About this exercise >> Set down exact lines only, from the line with "Флеш память USB" through the last line of the material below, with every picture left out.

===============

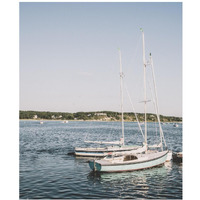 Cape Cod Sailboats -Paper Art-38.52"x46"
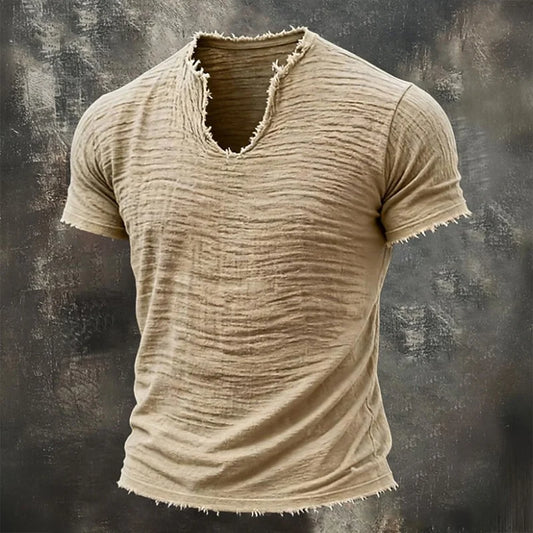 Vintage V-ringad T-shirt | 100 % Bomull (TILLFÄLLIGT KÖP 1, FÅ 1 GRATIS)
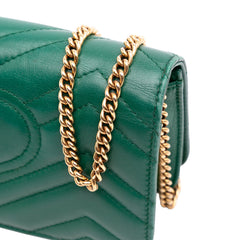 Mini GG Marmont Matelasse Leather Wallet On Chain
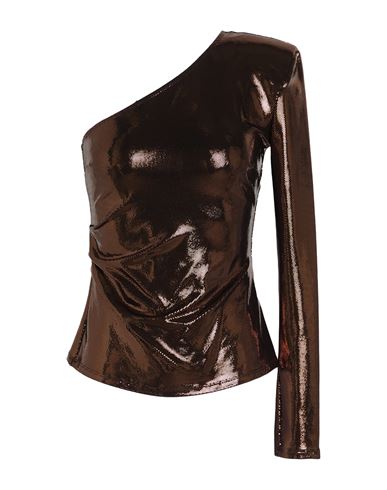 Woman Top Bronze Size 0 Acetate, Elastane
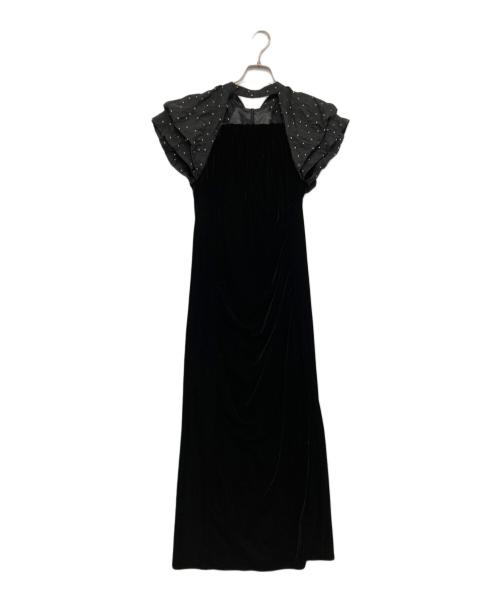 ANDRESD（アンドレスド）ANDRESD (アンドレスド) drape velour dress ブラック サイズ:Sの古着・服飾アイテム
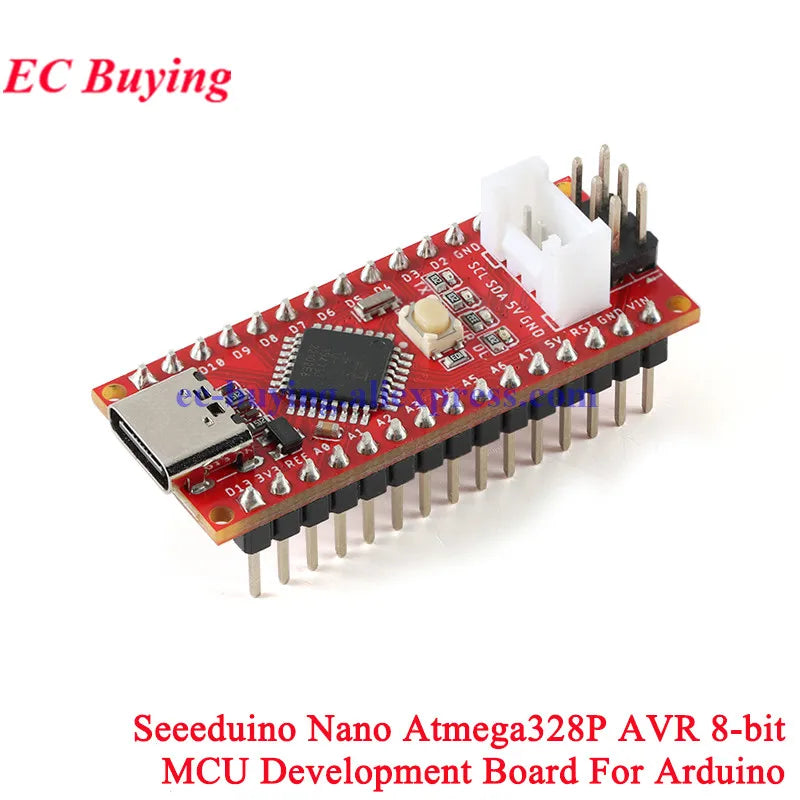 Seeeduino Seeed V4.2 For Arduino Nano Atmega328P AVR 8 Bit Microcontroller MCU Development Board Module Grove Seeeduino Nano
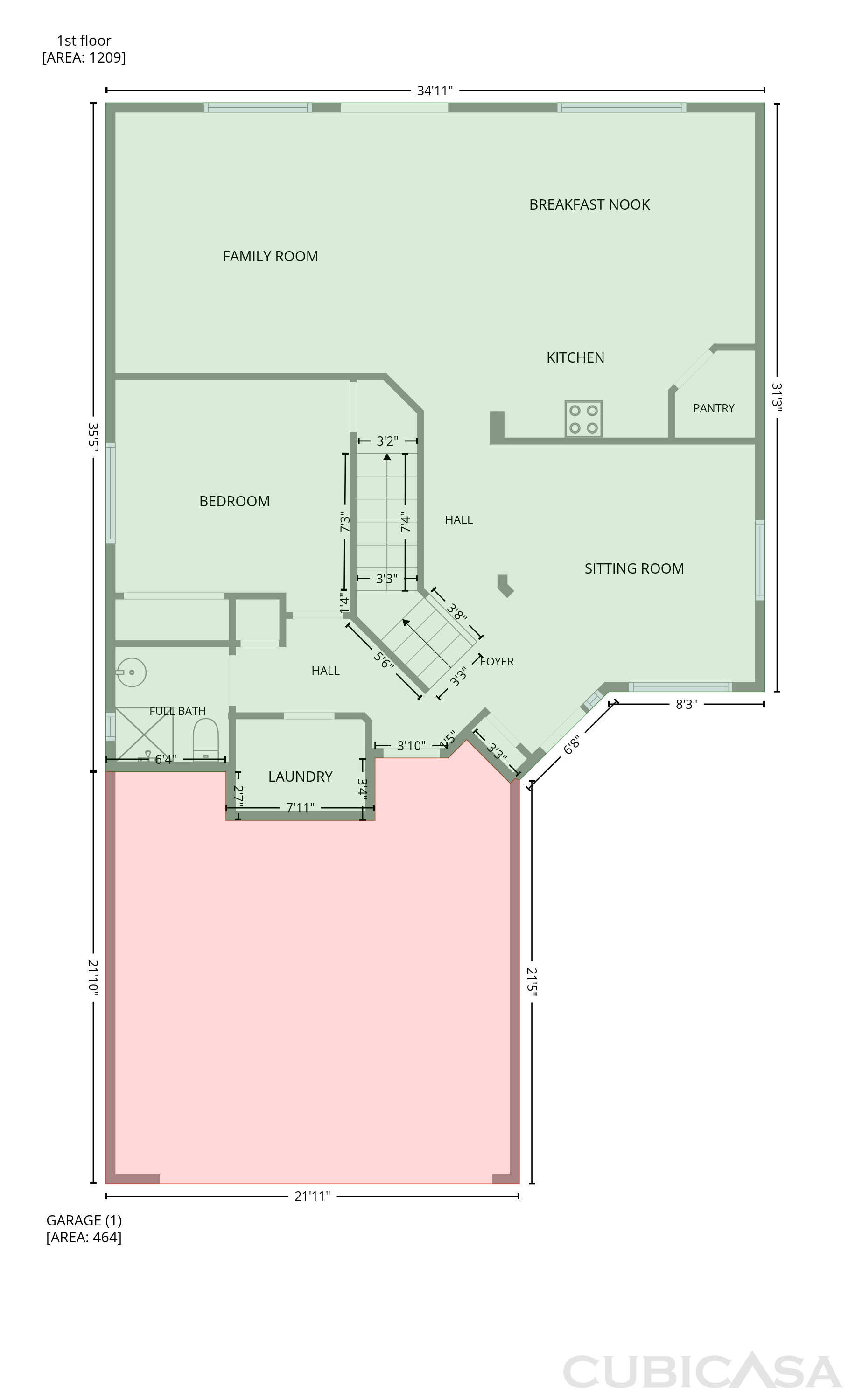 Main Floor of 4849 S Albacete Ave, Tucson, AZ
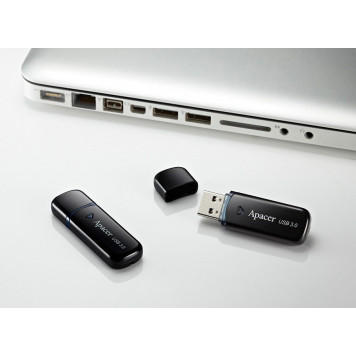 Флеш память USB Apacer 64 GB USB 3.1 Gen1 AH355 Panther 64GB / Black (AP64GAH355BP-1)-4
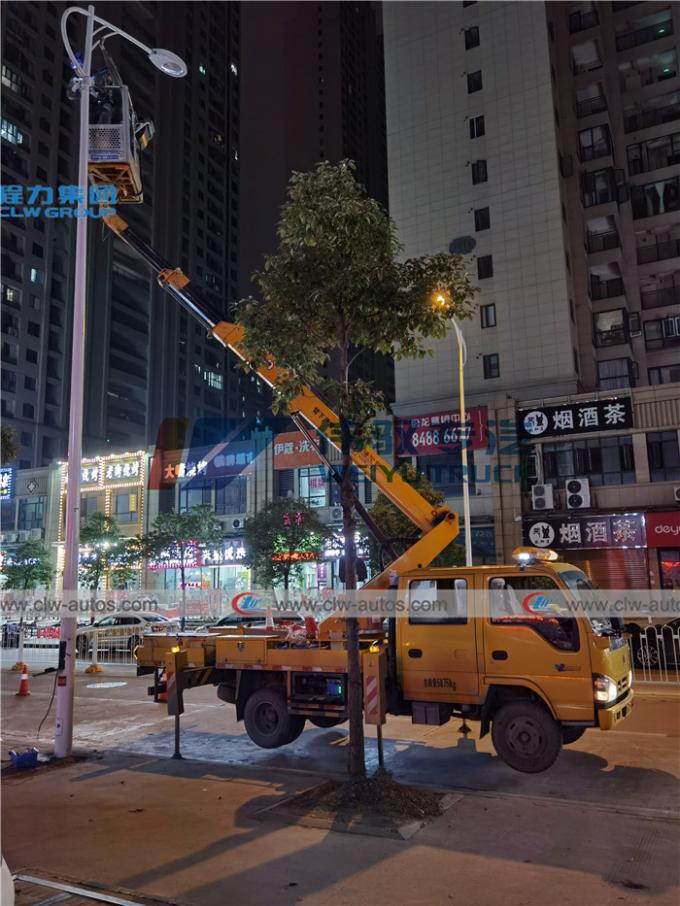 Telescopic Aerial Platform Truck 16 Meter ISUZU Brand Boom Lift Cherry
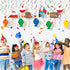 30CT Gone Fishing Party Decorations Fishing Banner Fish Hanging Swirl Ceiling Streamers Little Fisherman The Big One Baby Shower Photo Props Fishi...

===============

Task solution >>
 Флеш память USB Apacer 64 GB USB 3.1 Gen1 AH355 Panther 64GB / Black (AP64GAH355BP-1)-4
 Telescopic Aerial Platform Truck 16 Meter ISUZU Brand Boom Lift Cherry
 30CT Gone Fishing Party Decorations Fishing Banner Fish Hanging Swirl Ceiling Streamers Little Fisherman The Big One Baby Shower Photo Props Fishi...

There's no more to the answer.